Graduation Flag “Passport Policy” Targets Diasporic And Arab Students
SOURCE: THE MAC WEEKLY
BY: ZEENA FULEIHAN
As a dual citizen of the United States and Lebanon, Macalester counts me in its internationalism statistics. On the “About Macalester” webpage, Macalester boasts that 25% of students are citizens of another country and 88 countries are represented. I am a part of those numbers. However, when it comes to deciding whether or not to fly the Lebanese flag at my graduation this May, I only count as a representative of Lebanon if I can show a passport.
A few weeks ago, I was contacted because the college has me on record as a dual citizen of Lebanon to ask if I could show my passport in order to have my flag flown at commencement. This record of my dual citizenship is enough to include me in advertising statistics but not to fly my flag at commencement. As the only graduating Lebanese student, it is up to me to have that flag present. However, I never renewed my Lebanese passport because I always use my US one to travel. I was told that my valid Lebanese ID would not be sufficient evidence to prove my citizenship and have my flag flown, and neither would my word as someone with two Lebanese parents who immigrated to the United States during the Lebanese Civil War, so my parents had to find my expired baby passport to get my flag flown.
A passport is one of the most privileged, bureaucratic documents in existence. Why is it required in order to simply fly the flag of a student’s nationality at their graduation ceremony? What about students without documentation, students who don’t have citizenship in their country of origin, or those who don’t identify with the country they do have citizenship in? After strenuous research through the Macalester archives, I could not find any trace of reasoning behind the policy.
It is possible that the administration is concerned that flags at commencement become complicated when dealing with students who identify with territories not recognized as nation states, but in requiring proof of citizenship through passports, the administration erases and denies the legitimacy of these identities. At the same time that I got the email, I discovered that many of my other diasporic friends who are the only representatives of their countries in the graduating class were also phoning home to have their parents dig up their old baby passports so that they can be represented at commencement.

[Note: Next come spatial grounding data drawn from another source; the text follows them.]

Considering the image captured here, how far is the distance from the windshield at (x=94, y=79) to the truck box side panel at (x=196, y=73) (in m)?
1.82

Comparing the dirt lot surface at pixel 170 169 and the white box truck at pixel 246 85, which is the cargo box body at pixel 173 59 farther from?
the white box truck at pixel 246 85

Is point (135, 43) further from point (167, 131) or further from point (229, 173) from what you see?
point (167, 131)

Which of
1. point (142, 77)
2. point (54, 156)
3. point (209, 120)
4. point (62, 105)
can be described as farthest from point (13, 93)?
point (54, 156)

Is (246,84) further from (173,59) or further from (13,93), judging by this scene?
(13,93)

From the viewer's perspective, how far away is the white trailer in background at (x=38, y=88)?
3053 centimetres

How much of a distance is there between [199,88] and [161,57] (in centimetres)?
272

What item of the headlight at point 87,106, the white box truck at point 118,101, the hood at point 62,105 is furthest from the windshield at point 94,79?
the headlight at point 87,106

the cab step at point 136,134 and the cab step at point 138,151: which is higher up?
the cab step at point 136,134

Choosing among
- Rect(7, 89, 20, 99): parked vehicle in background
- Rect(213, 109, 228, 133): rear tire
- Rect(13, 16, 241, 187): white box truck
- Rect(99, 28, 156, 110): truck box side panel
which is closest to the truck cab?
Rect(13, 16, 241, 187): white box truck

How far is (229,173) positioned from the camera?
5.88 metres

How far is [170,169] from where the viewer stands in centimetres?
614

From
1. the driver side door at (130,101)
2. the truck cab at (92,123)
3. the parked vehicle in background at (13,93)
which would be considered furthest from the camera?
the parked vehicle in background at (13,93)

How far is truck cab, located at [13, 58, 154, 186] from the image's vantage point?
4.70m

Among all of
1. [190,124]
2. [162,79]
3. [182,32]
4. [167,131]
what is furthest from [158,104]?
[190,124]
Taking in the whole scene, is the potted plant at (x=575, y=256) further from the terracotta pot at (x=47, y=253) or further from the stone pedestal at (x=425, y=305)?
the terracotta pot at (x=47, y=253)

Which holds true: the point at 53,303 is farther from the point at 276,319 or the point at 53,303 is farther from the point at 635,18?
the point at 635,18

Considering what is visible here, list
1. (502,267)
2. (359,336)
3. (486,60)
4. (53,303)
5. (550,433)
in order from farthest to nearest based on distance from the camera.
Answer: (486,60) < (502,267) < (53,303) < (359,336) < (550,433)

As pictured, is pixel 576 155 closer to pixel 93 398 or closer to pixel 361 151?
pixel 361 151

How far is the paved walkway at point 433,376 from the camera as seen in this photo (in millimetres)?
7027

As a college that prides itself on fostering global citizenship, I find this policy appalling. It blatantly singles out students who live in the diaspora. This seems contrary to our ideal of raising students as citizens of the globe rather than only one country. “Citizenship” itself is a highly contentious topic — who is allowed to be a citizen of which country, and why is it suddenly so important to prove citizenship with such a highly privileged document as a passport so that the students of the graduating class of 2018 can see their nationalities represented at their commencement? In the eyes of Macalester, unless I have a passport to prove otherwise, I am not Lebanese on my graduation day, only American, even though there is not a drop of American blood in my body.

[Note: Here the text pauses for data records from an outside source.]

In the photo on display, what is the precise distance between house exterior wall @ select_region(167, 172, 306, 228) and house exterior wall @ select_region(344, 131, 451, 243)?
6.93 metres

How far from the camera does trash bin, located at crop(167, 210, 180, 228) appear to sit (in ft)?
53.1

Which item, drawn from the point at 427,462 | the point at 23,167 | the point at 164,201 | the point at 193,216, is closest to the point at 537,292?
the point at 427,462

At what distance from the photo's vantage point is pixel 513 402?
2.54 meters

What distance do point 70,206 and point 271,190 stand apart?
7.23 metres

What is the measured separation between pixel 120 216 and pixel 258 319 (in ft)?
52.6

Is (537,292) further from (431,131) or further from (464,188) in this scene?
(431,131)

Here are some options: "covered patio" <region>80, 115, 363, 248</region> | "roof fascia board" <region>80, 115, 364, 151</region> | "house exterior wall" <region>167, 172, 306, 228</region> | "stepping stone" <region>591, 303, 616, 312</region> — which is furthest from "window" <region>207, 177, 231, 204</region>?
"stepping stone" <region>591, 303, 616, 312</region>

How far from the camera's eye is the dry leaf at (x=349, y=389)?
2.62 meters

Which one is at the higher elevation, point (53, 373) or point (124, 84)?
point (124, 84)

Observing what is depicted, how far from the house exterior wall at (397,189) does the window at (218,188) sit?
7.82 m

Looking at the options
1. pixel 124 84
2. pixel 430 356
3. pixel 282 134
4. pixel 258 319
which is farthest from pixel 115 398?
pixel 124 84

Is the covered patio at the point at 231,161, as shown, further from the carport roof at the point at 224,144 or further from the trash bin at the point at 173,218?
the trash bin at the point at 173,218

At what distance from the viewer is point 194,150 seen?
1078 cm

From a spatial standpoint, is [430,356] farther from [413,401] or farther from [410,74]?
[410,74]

Additionally, I find this policy weighs disproportionally on Arab students. Macalester rarely accepts more than one student from any given Arab country in each class. Using Arab nationality in its statistics is a way of tokenizing our identity to attract prospective students who are interested in a diverse college experience, but the reality is that Macalester does not actually take steps to celebrate and support its Arab students. I know for a fact that many of my Arab peers in the classes below me will have to fight to have their flags recognized at their graduation ceremonies because Arab citizens’ passports do not always align with their country of nationality, and they are already preparing to deal with this injustice.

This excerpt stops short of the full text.